In tal senso gli strumenti tecnologi hanno mostrato la capacità di operare una vera e propria rivoluzione. Tuttavia le ombre che l'evoluzione successiva ha evidenziato ci inducono anche a considerare i rischi e le ambiguità del mito di una democrazia senza intermediari, che può anche tradursi in ultima analisi nella dissoluzione e ridefinizione dello stesso concetto di cittadinanza.
Possiamo ormai convenire sul fatto che sia illusorio ritenere che la Rete costituisca di per sé lo strumento salvifico che consente la partecipazione diretta tout court del cittadino alle dinamiche sociali e politiche che lo riguardano e che automaticamente trasforma la democrazia rappresentativa. Ancora più degli altri mezzi di comunicazione di massa, date le sue caratteristiche peculiari, può infatti diventare uno straordinario amplificatore per messaggi semplificati e tesi apodittiche che sono destinate a suscitare adesione acritica più che a stimolare dibattito, riflessione e partecipazione consapevole. Ecco perché la "digitalizzazione" della democrazia e la diffusione dei suoi strumenti per risultare efficace e proficua deve tradursi in un confronto fra idee e progetti fondato su conoscenza e approfondimento, condizione necessaria per decisioni consapevoli e ponderate.
Sul punto può essere utile rilevare che non vi è libertà senza regole, nel mondo online come in quello offline. Se manca una disciplina condivisa delle modalità con cui si estrinsecano le manifestazioni dei cittadini sulla Rete e la loro declinazione all'interno dei processi deliberativi, il superamento dei meccanismi consolidati di democrazia rappresentativa (che pure può trovare in Internet gli elementi e gli stimoli per una proficua rigenerazione) si rivela illusorio e di difficile realizzazione. In proposito, Lawrence Lessig segnala che "il cyberspazio, lasciato a se stesso, difficilmente potrà mantenere le promesse di libertà e di maggiore partecipazione dei cittadini alla vita pubblica. Potrebbe anzi divenire un perfetto strumento di controllo".
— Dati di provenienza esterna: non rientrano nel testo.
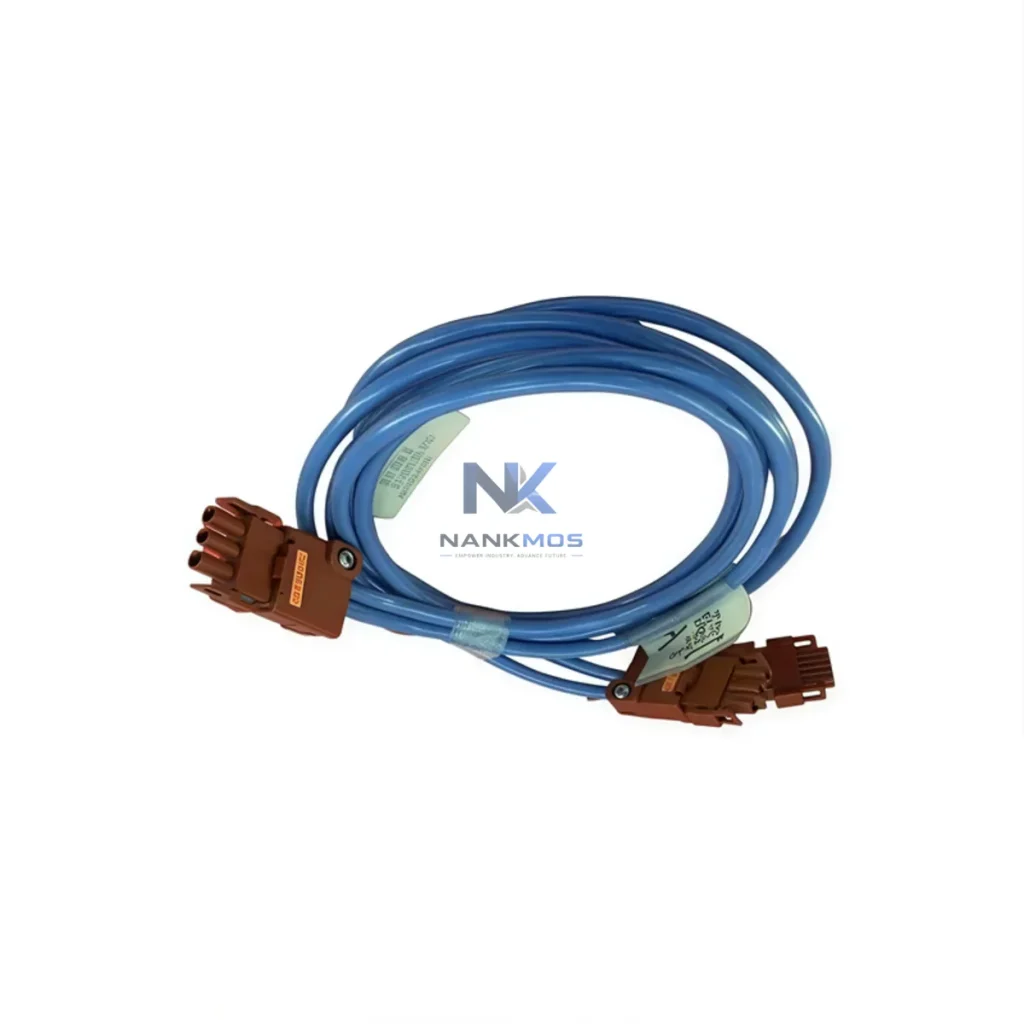 Honeywell 51195479-200 System-Ready I/O Link Cable for C300 Architecture 51195479-200 industrial automation spare part
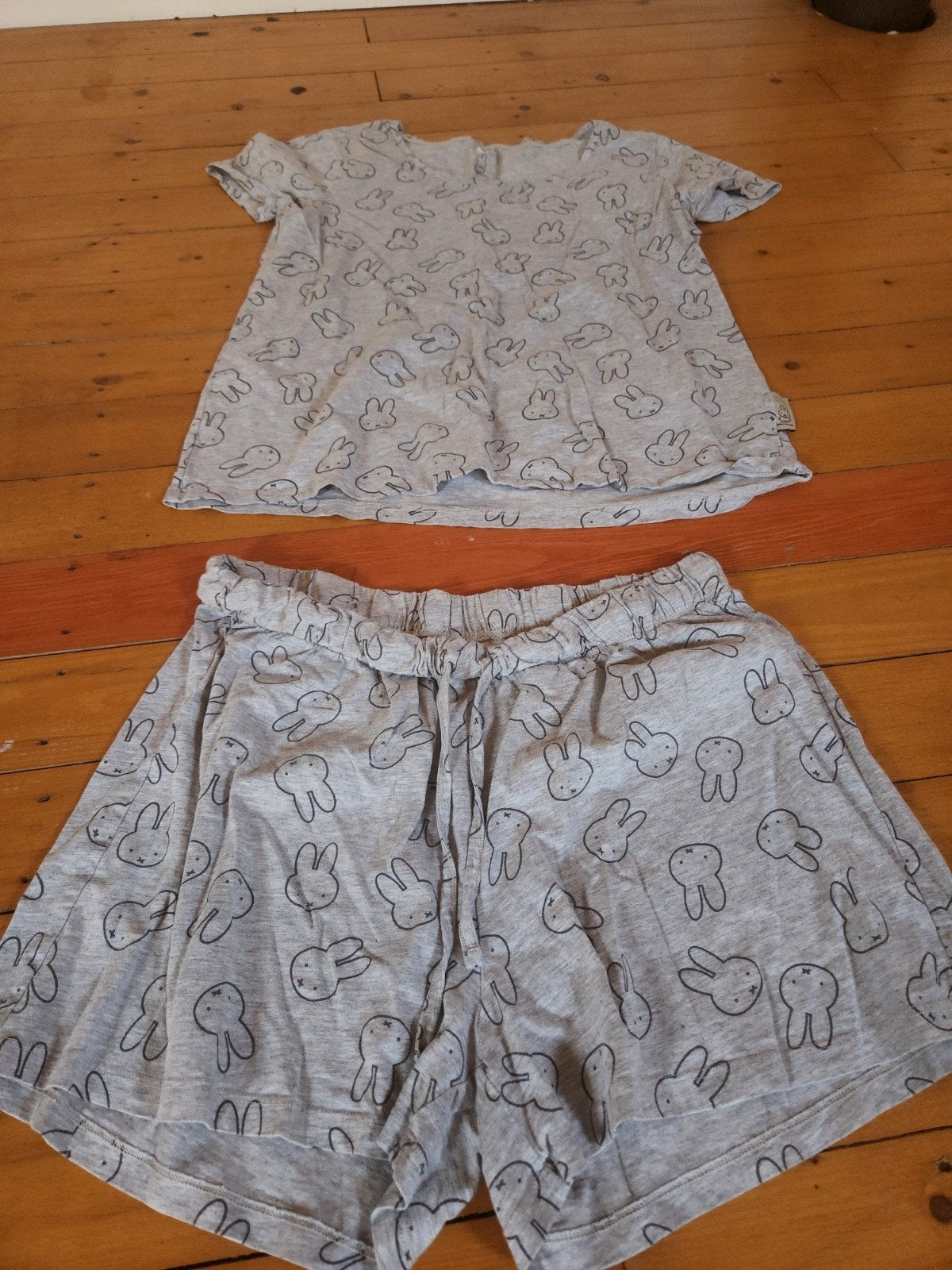 Nijntje Pyjama Set - Maat M/L, Kleding | Dames, Pyjama's, Hema, Ophalen of Verzenden, Zo goed als nieuw, Maat 38/40 (M)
Occorre quindi evitare di inseguire il facile mito di una democrazia senza intermediari che giunge a definitivo compimento grazie a Internet. Al riguardo devono soccorrere educazione, consapevolezza, regole e valori condivisi, per un'interazione immune da semplificazioni e distorsioni, con l'obiettivo di perseguire una effettiva "inclusione digitale".
È a tali elementi che è affidato il compito di provvedere alla tutela del diritto di informare ed essere informati, garantendo altresì la sicurezza delle persone e degli Stati.
Soltanto in tal modo ci si assicura che Internet non diventi strumento di diffusione e amplificazione delle disuguaglianze ma continui ad essere veicolo di libertà e trasparenza, affinché il potenziale creativo delle nuove tecnologie accresca le possibilità di confronto aperto fra idee, per una conoscenza libera e pluralista.
In conclusione, esportare tecnologia giova alla democrazia, ma non basta.